Although in this short study carried out at the Miage Glacier in Italy the treatment of moisture in the debris involves a lot of simplifications, and the impact of including this treatment of moisture in the calculating sub-debris ablation has a small affect on computed ablation at this site, the study is an interesting step forward as it (1) generates modelled latent heat fluxes at the surface associated with moisture transfer between the debris and the atmosphere above, and (2) includes the impact of moisture within the debris cover on the thermal properties of the debris.
With reference to point (1): In previous models of sub-debris ice ablation, moisture exchange at the debris surface is usually assumed to be zero, as the debris is assumed to be dry.
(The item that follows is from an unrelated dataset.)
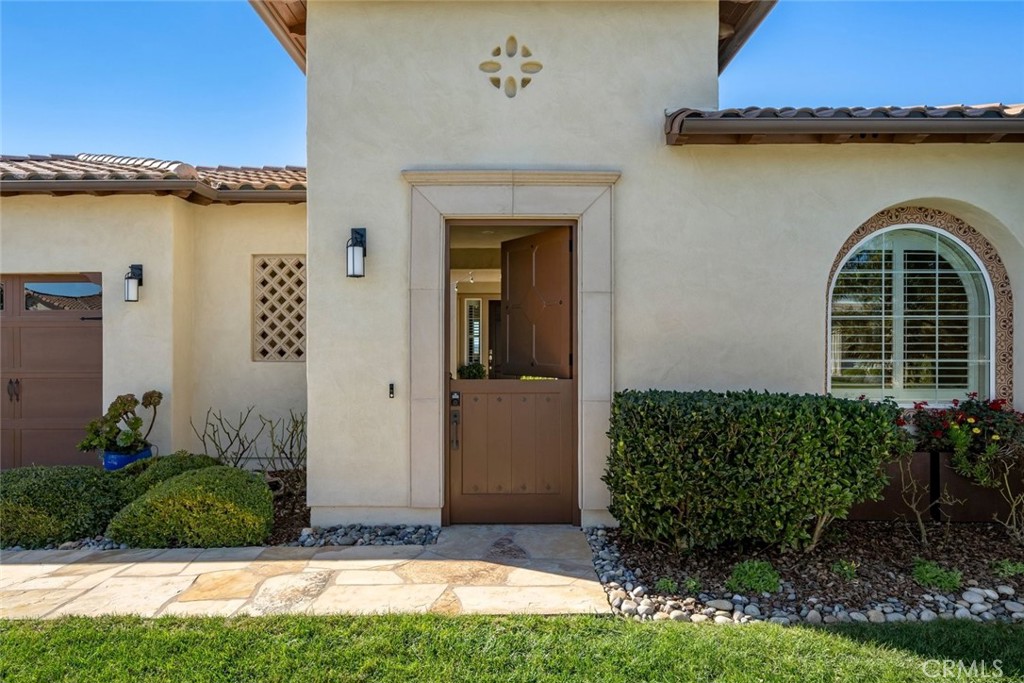 1590 Eucalyptus Road Nipomo, CA 93444 - Photo 59 of 75 a front view of a house with garden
However, that assumption poses a problem in the case of running coupled regional atmospheric models with glacier energy and mass balance models as Emily does, because assuming the debris surface to be dry effectively ‘switches off’ moisture transfer between the atmosphere and the debris covered glacier surface, and its not clear what impact this assumption can be expected to have within the coupled model system.
With reference to point (2): Data of the thermal properties of supra-glacial debris over annual timescales (Nicholson and Benn, 2013) indicated that the presence and location of moisture within the debris, whether it is ice or liquid water, and where and when it is changing phase between solid and liquid, affects the thermal properties of the supra glacial debris and therefore the efficiency with which it can transmit energy from atmosphere to the glacier ice beneath. Therefore including this in a model of sub-debris ice ablation might be important in obtaining accuracy over multi annual timescales.
There is still room for improvement and refinement, but its a step forwards.